-- DATASET CONTENT follows --

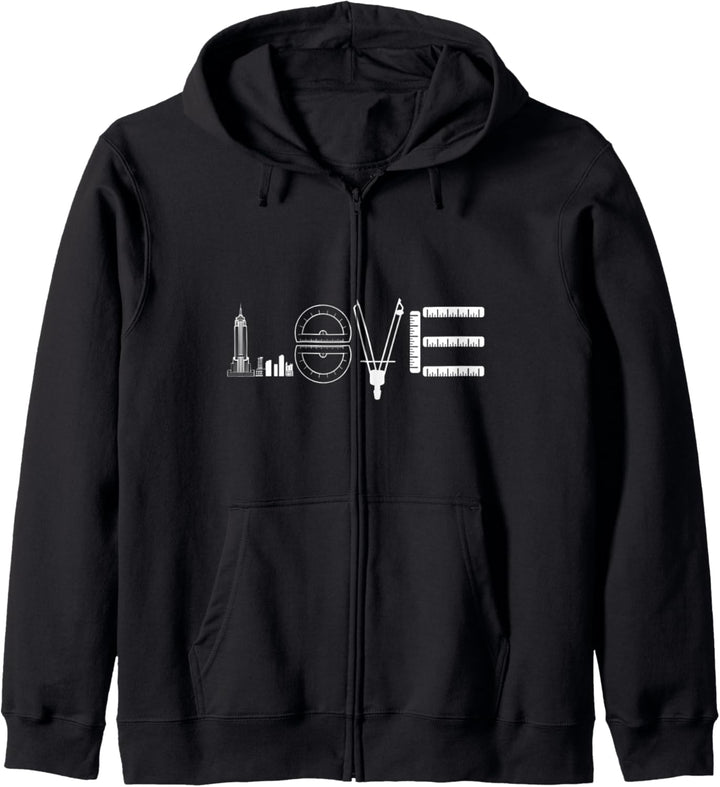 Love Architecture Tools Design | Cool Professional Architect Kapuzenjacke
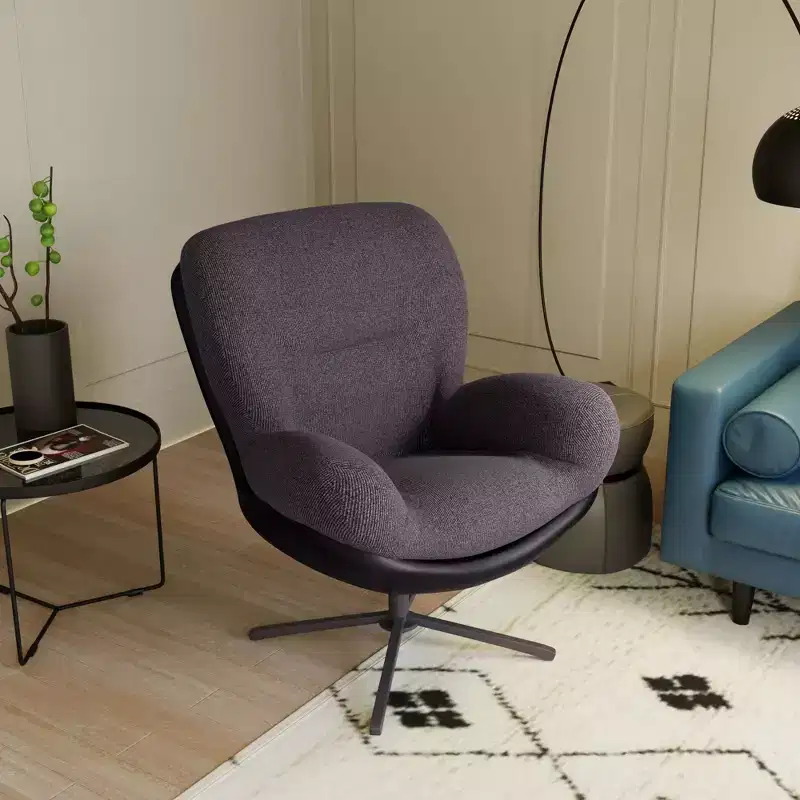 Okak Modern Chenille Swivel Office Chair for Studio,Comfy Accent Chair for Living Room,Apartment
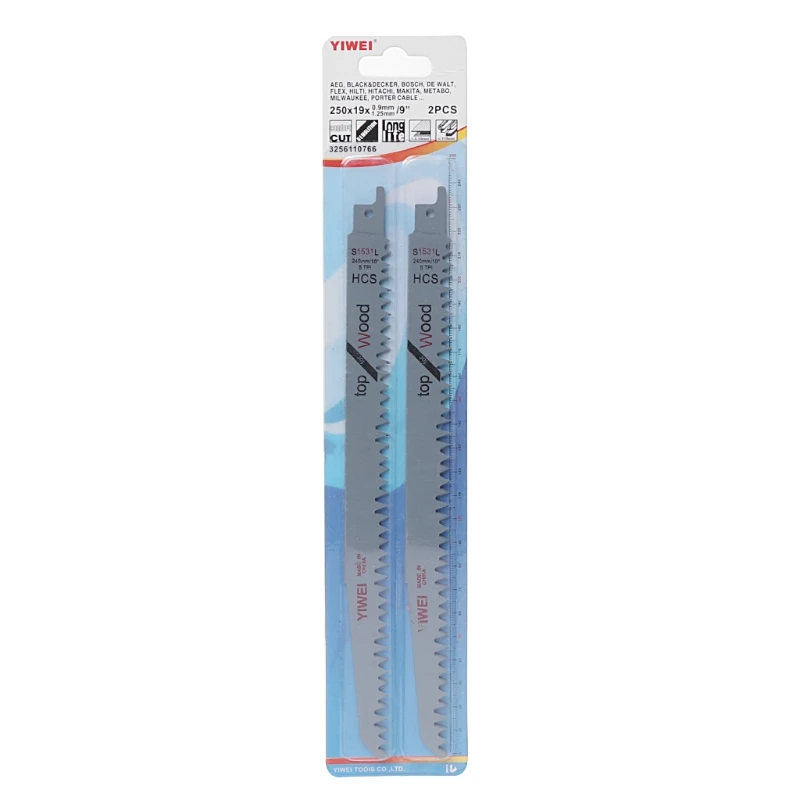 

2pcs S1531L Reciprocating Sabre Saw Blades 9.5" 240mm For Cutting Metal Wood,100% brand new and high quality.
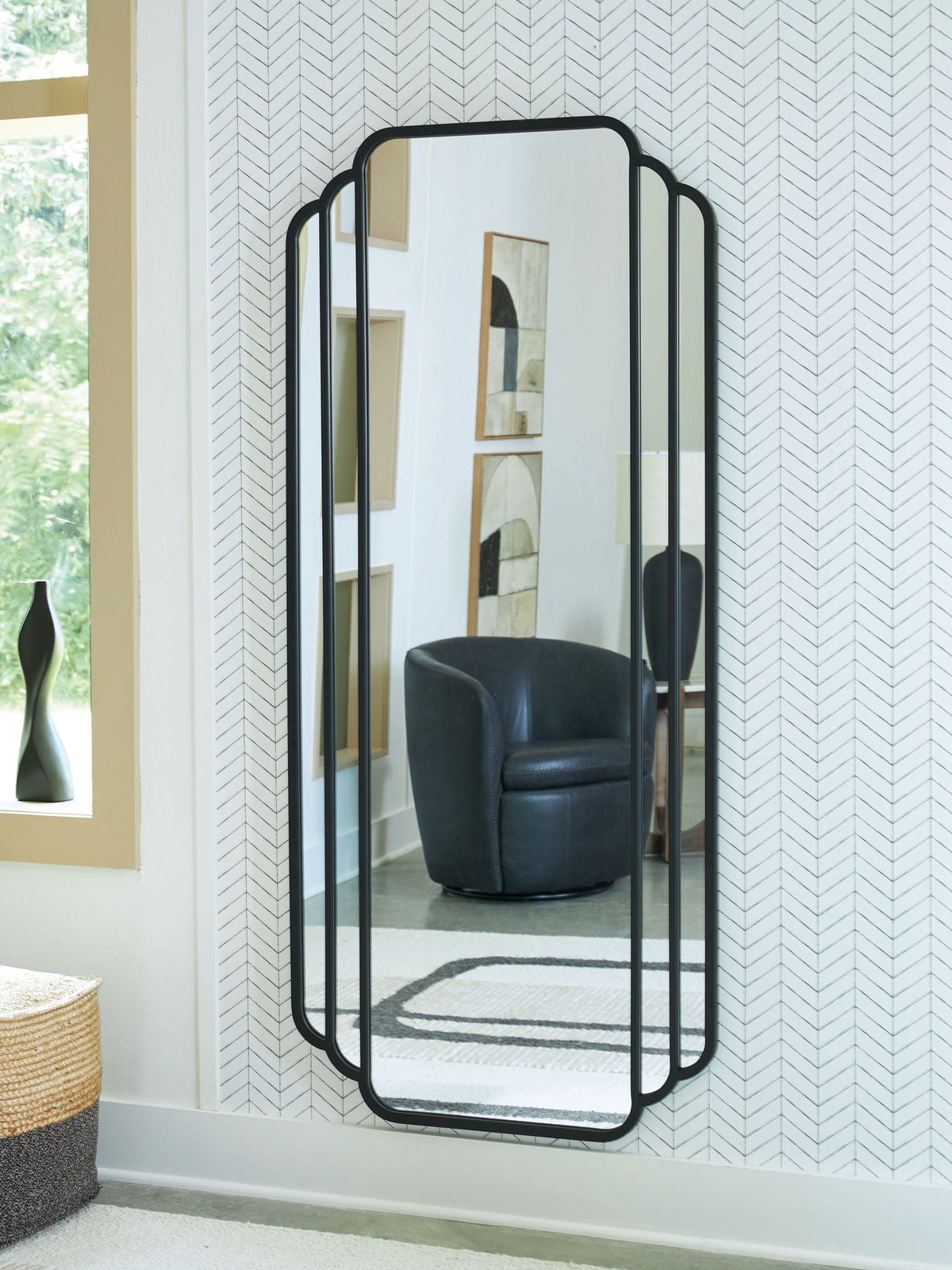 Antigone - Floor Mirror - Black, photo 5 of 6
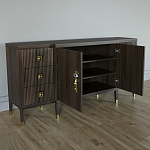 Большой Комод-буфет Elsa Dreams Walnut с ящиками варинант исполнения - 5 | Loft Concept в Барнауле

-- DATASET CONTENT concluded --

| EXERCISE |
Copy all of the records verbatim, omitting the pictures.

| TASK RESPONSE |
 Love Architecture Tools Design | Cool Professional Architect Kapuzenjacke
 Okak Modern Chenille Swivel Office Chair for Studio,Comfy Accent Chair for Living Room,Apartment

2pcs S1531L Reciprocating Sabre Saw Blades 9.5" 240mm For Cutting Metal Wood,100% brand new and high quality.
 Antigone - Floor Mirror - Black, photo 5 of 6
 Большой Комод-буфет Elsa Dreams Walnut с ящиками варинант исполнения - 5 | Loft Concept в Барнауле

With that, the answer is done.